El periodista Ben Dangl considera que gran parte de la violencia en todo el mundo, hoy en día, se pueden vincular a las aventuras imperiales de los Estados Unidos en el extranjero.
Al igual que muchos estadounidenses, todas las mañanas en la escuela primaria y secundaria, tuve que pararme frente a la bandera de Estados Unidos, poner la mano en el corazón, y jurar lealtad a los Estados Unidos de América. Si bien era una rutina sin sentido para la mayoría de nosotros, el significado detrás del ritual era claro: que los EE.UU es excepcional, un faro de la libertad y justicia en el mundo. Pero después de considerar el rastro de sangre, los golpes de estado y las bombas que siguen a la bandera de Estados Unidos dondequiera que ondea, es seguro decir que los EE.UU es excepcional en muchas cosas; la libertad y la justicia no están entre ellas.

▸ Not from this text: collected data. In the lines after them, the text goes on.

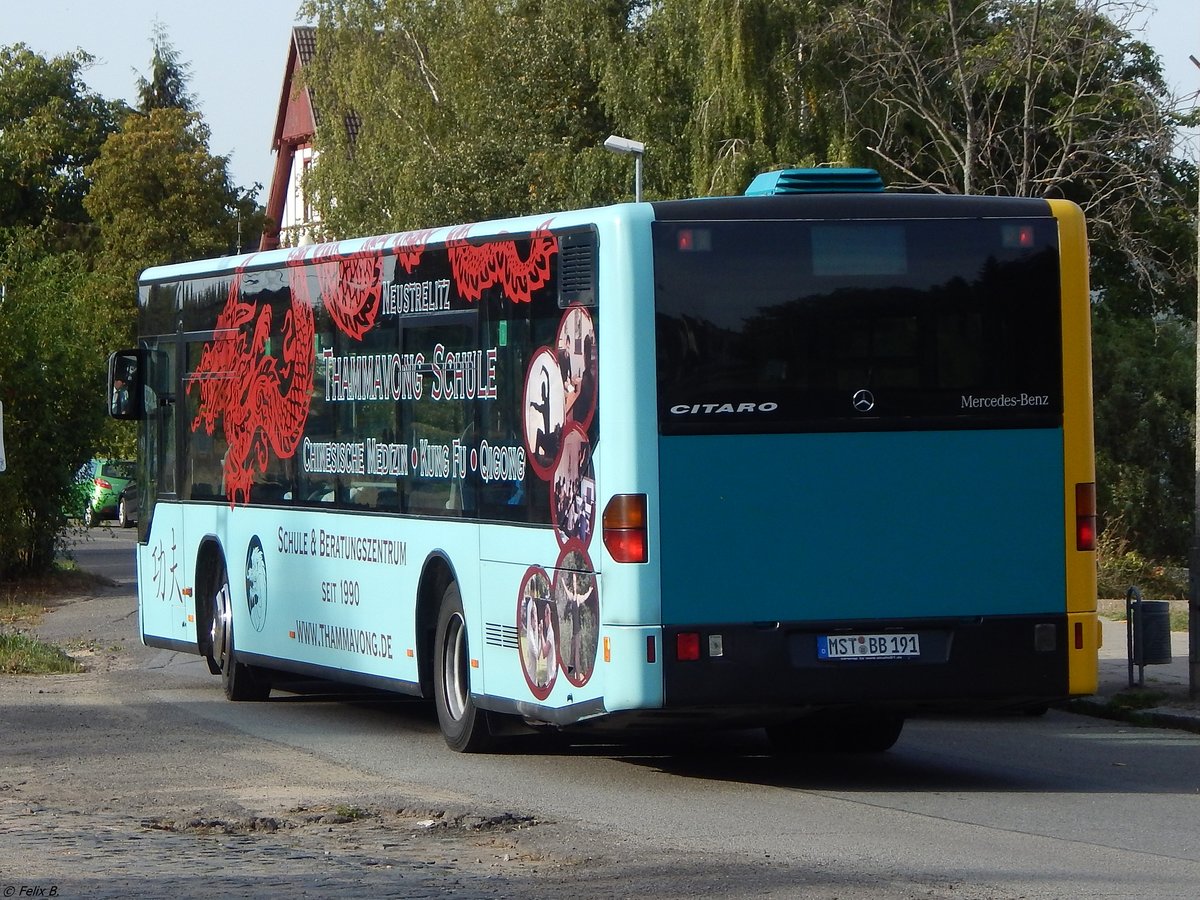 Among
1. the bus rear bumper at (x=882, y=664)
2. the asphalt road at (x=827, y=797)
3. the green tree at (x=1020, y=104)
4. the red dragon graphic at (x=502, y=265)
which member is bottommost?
the asphalt road at (x=827, y=797)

Dangl reitera que la violencia en el mundo es obra de Estados Unidos. El ascenso de ISIS en Irak, sostiene, se ha remontado a la guerra de Estados Unidos en el país. En un artículo, sobre el líder de ISIS, Abu Bakr al-Baghdadi, el New York Times explicó: “A cada paso, el surgimiento de Baghdadi ha sido moldeado por la intervención de Estados Unidos en Irak – la mayor parte de los cambios políticos que alimentaron su lucha o que llevaron a su promoción, nacieron directamente de algún tipo de acción de los Estados Unidos”. Por lo que el reciente ataque terrorista en Francia se refiere, el profesor Juan Cole, de la Universidad de Michigan, escribe que uno de los atacantes fue un “vigilante fundamentalista” a causa de la guerra en Irak y por las torturas en Abu Ghraib. La ola de violencia, relacionada con la guerra contra las drogas que está barriendo América Latina, también está directamente ligada a la participación de Estados Unidos en la militarización de la región en nombre de la guerra contra las drogas, un conflicto que desde 2006 ha causado más de 100.000 vidas en México solamente.
Nada de lo afirmado es nuevo. La política imperial de Estados Unidos es sinónimo de terror, muerte, destrucción, desolación. En sus objetivos de dominación mundial carece de ética, no tiene límites su cínica ambición que le conduce a desatar las más criminales guerras de agresión en su loca y desmedida gula para apoderarse de los recursos naturales y humanos a escala global, pero ningún imperio es eterno y bien se puede afirmar, para que la humanidad respire con alivio, que la fase imperial estadounidense está en decadencia, pero sus aletazos agónicos pueden ser muy peligrosos para el planeta tierra y todas sus formas de vida.
Es falso, de absoluta falsedad que el Premio Nobel de la Paz y Señor de la Guerra, el emperador de turno, Barack Obama haya recuperado el liderazgo mundial.